Lastly, the ‘kicker’ in this bucket to try and offer a more optimistic take on the markets is the Mariana Capital 10:10 Plan February 2020 (Option 2), which may mature from the second year onwards, so long as the FTSE 100 Index is at or above its initial index level on any anniversary. This product has the potential to return a 10.9% gain for each year held, whilst protecting the investor from up to a 30% fall in the FTSE 100 Index on the downside if the plan fails to maturity by its tenth anniversary. The counterparty for the current issue of the 10:10 Plan is Goldman Sachs International; currently rated by Standard & Poor’s as ‘A+’, meaning that they believe the bank has a strong ability to maintain their financial commitments and obligations.
In addition, or indeed as an alternative, the Lowes UK Defined Strategy Fund (UKDSF) may also warrant consideration. Whilst it has different characteristics relative to an individual structured investment due to it being a pooled investment vehicle, the diversification needs are met further without requirement for input from the investor. As of the beginning of January 2020, the fund consists of 20 autocall strategies linked to the performance of the FTSE 100 Index, with a range of kick-out reference levels, and counterparty diversification using 9 different counterparties, in combination with gilts; adopting the credit risk of the UK Government. You can find out more about the fund and the current portfolio at www.UKDSF.com.

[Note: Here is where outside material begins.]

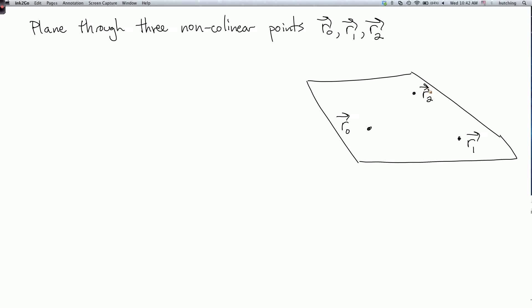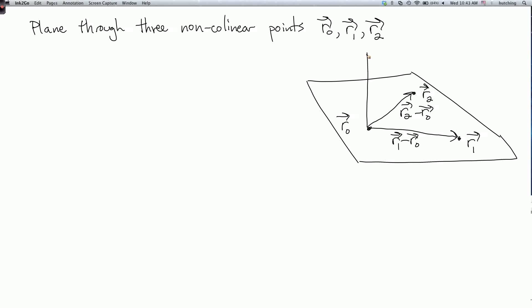To make a normal vector, recall that the cross product of two vectors is orthogonal to both. So let's look at the vectors r1 minus r0, and r2 minus r0. If I take the cross product of these two vectors, I'll get a vector n which is orthogonal to both. Since r0, r1, and r2 are not all on the same line, n will be non-zero and perpendicular to every vector in the plane — meaning any vector that is the difference between two points on the plane.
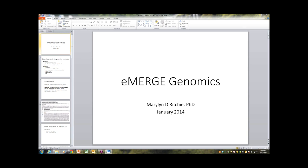eMERGE is uniquely positioned — resources coupling very large EMRs to extensive DNA and genotype data have the potential to discover pleiotropy of the type Reid described. Starting to think about what variants with minor allele frequencies of 0.1 or 0.5 percent do in a general population is something eMERGE is well suited for and ought to be strongly considered as a focus.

In a subsequent article I will explore further selections of structured products for those with a more optimistic outlook which, by definition will produce greater returns unless that optimism proves mis-placed. The investments in the subsequent article may complement each other within a wider investment portfolio, potentially for investors with a higher risk tolerance than those with a more cautious attitude.
Structured investments put capital at risk. Past performance is not a guide to the future. Disclosure of interests: Lowes has provided input into the concept, development, promotion and distribution of the 8:8, 10:10, and is investment manager for Lowes UK Defined Strategy Fund. Lowes has a commercial interest in these investments as a result of its involvement. Where Lowes is involved in advice on these investments to retail clients, it will not receive benefit of any fees for its involvement, other than those fees payable by the client to Lowes. Lowes has robust systems and controls in place to ensure that it manages any actual or potential conflicts of interests in its activities.